Thanks Rosehawke, I appreciate the compliment. It was really a joy putting this together. I've spent the last two nights just zoning in front of it after a crazy work week. I guess I was a little a head of the game in the planing, despite that nothing was ever put on paper. I just had an idea and went for it. it was based on the over all room design that I don't think I have posted yet. I think this will give everyone an idea on the placement and feel of the room, although the trim was not done at the time.








The otherthing that helps is my father-in-law is an CAD designer and dones unbeleivable woodwork in his spare time. It keeps me pushing.

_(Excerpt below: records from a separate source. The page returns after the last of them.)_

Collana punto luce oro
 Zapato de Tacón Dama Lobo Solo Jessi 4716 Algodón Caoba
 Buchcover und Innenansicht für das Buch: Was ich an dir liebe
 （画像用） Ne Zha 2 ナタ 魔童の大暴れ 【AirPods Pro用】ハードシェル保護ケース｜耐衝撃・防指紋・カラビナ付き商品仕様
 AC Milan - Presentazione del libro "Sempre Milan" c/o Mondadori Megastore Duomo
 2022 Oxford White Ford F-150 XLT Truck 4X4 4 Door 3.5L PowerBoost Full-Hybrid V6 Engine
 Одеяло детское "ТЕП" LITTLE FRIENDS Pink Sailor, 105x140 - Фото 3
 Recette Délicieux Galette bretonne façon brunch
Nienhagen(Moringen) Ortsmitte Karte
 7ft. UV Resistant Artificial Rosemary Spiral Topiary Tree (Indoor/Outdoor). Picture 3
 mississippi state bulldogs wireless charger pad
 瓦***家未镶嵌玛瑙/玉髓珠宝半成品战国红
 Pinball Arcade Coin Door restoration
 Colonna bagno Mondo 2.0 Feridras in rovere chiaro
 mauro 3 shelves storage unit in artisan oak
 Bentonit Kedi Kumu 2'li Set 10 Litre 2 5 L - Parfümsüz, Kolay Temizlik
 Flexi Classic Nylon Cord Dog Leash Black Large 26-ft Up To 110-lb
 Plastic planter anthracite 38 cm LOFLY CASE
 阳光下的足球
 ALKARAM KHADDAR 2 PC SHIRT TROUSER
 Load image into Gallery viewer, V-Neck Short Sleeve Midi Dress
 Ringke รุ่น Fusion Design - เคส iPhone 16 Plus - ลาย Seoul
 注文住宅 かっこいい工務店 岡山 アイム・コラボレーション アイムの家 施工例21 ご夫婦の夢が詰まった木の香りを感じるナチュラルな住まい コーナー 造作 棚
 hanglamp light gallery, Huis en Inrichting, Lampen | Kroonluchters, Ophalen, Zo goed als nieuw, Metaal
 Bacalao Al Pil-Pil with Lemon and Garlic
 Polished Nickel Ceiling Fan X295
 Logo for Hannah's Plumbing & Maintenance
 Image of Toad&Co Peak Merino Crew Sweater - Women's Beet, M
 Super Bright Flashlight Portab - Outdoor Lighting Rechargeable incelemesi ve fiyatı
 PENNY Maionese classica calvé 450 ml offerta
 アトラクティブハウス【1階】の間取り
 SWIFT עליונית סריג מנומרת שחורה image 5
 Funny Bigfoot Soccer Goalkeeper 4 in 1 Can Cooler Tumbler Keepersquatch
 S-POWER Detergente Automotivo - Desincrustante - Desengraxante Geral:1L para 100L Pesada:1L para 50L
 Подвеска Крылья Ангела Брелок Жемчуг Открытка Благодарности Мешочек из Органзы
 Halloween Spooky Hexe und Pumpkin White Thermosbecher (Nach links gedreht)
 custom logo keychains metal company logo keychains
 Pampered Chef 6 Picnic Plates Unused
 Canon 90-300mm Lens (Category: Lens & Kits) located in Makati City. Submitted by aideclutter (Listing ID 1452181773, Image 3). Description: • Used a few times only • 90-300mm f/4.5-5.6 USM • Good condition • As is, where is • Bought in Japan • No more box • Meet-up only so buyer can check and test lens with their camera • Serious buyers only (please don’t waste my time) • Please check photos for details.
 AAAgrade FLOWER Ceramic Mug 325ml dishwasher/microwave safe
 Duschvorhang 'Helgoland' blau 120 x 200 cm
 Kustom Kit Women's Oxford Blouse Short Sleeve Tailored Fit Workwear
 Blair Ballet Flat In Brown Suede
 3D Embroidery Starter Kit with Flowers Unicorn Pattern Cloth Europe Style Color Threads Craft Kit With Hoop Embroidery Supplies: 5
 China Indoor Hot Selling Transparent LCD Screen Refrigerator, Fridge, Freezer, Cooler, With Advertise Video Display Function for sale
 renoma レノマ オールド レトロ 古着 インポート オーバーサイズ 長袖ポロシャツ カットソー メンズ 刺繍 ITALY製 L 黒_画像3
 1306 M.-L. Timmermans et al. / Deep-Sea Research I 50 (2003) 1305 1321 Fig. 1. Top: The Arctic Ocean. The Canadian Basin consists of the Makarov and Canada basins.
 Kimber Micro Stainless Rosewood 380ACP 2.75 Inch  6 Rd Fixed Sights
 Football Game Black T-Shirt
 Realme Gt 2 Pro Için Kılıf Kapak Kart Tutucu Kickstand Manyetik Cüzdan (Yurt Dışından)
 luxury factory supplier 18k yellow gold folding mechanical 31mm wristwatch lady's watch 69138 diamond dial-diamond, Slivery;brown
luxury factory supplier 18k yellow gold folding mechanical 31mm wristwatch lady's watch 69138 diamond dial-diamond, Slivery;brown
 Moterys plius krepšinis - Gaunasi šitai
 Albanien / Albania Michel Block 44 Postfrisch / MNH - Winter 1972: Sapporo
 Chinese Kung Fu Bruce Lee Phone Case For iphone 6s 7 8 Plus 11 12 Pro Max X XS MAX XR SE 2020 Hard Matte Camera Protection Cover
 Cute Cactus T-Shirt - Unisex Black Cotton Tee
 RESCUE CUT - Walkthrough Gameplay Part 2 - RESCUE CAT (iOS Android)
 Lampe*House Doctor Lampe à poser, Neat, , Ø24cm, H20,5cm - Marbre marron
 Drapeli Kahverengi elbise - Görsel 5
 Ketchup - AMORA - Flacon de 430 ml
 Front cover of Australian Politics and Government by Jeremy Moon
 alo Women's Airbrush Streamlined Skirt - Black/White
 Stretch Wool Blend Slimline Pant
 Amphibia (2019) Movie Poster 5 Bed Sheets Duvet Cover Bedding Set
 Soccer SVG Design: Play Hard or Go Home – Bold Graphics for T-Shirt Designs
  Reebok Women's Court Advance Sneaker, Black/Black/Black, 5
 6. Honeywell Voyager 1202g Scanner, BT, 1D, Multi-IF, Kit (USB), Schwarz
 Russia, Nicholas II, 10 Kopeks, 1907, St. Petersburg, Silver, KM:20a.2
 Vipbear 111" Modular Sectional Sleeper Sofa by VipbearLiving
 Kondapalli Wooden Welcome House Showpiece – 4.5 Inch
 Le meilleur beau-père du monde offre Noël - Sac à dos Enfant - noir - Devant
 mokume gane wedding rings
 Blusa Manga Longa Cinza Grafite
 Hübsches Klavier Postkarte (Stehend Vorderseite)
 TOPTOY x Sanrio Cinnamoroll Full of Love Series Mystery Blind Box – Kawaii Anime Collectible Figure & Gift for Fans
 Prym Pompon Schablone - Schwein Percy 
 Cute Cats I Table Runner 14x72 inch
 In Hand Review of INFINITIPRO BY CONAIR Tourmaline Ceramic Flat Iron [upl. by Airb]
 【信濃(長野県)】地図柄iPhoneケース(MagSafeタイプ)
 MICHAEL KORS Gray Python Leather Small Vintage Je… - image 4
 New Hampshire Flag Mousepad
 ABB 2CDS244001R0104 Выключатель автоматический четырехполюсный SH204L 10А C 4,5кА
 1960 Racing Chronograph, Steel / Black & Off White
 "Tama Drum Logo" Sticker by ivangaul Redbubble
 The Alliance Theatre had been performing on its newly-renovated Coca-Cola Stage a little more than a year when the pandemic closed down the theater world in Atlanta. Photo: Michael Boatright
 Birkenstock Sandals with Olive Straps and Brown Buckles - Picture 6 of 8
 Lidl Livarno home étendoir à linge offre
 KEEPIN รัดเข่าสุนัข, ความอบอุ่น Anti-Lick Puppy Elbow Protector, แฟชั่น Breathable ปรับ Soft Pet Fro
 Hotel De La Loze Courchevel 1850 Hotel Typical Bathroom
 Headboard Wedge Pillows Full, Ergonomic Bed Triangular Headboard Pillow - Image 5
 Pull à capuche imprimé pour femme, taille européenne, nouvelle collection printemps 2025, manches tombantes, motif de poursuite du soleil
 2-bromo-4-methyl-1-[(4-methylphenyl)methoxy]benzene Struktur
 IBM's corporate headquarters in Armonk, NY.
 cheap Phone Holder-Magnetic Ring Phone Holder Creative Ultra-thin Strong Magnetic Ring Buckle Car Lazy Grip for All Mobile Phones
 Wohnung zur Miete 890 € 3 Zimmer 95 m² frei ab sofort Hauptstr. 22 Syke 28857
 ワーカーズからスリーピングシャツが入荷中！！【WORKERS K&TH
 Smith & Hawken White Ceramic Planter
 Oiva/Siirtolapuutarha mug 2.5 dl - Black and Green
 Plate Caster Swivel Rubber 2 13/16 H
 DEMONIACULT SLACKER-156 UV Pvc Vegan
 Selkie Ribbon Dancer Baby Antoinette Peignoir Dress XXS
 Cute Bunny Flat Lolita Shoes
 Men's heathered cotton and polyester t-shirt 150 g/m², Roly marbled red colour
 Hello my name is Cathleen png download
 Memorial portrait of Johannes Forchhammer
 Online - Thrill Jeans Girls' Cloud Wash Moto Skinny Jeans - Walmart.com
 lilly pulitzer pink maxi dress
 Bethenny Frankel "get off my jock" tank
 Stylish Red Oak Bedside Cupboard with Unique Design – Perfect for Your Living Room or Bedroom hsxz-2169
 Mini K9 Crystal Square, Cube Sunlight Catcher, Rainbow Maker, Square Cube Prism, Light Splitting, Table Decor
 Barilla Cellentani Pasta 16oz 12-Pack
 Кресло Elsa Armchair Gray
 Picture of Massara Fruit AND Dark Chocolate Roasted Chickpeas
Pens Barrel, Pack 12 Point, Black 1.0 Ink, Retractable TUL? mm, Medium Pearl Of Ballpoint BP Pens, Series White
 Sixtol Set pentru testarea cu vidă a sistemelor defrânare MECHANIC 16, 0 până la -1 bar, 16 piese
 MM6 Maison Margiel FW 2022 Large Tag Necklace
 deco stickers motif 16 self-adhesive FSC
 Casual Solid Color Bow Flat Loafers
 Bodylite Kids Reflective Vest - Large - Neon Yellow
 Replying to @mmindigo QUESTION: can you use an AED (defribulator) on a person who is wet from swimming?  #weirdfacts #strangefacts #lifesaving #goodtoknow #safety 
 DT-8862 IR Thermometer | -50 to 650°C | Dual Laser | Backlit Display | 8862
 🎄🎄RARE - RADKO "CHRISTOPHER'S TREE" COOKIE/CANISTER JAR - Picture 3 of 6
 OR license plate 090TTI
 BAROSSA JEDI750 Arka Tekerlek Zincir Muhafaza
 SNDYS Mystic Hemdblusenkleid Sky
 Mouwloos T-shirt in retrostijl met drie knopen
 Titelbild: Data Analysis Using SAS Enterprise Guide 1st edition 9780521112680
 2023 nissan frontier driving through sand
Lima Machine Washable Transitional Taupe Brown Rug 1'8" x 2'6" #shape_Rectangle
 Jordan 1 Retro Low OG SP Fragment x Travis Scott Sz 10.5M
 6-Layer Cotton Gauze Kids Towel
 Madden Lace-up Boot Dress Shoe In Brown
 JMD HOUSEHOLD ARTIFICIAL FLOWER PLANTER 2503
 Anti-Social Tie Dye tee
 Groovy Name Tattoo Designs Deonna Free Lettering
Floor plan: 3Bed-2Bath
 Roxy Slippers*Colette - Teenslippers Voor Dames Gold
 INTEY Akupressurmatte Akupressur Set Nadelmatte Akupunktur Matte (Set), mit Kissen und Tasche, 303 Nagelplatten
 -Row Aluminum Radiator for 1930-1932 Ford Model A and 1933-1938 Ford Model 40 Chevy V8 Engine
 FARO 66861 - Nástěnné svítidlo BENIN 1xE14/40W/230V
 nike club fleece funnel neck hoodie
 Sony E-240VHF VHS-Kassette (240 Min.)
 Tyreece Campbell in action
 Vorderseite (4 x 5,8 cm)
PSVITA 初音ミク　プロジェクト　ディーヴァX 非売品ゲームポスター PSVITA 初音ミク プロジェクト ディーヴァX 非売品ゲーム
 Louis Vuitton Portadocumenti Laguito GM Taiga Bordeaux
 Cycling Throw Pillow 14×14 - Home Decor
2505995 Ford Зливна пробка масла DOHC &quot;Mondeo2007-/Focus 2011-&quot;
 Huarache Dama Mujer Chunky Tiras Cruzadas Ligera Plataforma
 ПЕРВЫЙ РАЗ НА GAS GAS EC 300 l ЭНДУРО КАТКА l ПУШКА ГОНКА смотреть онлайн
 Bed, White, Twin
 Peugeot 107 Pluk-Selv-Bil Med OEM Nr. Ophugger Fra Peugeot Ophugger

Thanks again for the great comments. here is a pic I took yesturday before a water change and some slight pruning. I think I'm starting to get the parameters in check as the thread algae is slowly going away! Sorry it's a little blurry, but I didn't want to drag out my ******* tripod :icon_bigg


----------



## Troy McClure (Feb 22, 2004)

The Simpsons, season 13 episode 17, "Gump Roast"....yet another clip show...

The tank looks stunning, especially the left side with the driftwood's arrangement. The small vertical piece on the right side looks out of place to me, but other than that - great job!!!


----------



## Dwarfpufferfish (May 29, 2004)

Hop,
WOW!

That’s all I can muster up! I don’t know what else to say, it fits your room like a glove, it is gorgeous, what more can you want from a planted tank set up! Once you get water params down, I am SURE your tank will be one of the tops on this board!

** Just a little side note for Troy McClure, I thought I would be the only one to get the episode from just 1 frame! Good to see I am not the only Simpsons/Aqurium freak out there. BTW, I have yet to find a 3 eyed round orange fish, fresh or salt! **


----------



## Hop (Mar 27, 2004)

> The Simpsons, season 13 episode 17, "Gump Roast"....yet another clip show...
> ** Just a little side note for Troy McClure, I thought I would be the only one to get the episode from just 1 frame! Good to see I am not the only Simpsons/Aqurium freak out there. BTW, I have yet to find a 3 eyed round orange fish, fresh or salt! **


You guys are demented :icon_bigg 


> The tank looks stunning, especially the left side with the driftwood's arrangement. The small vertical piece on the right side looks out of place to me, but other than that - great job!!!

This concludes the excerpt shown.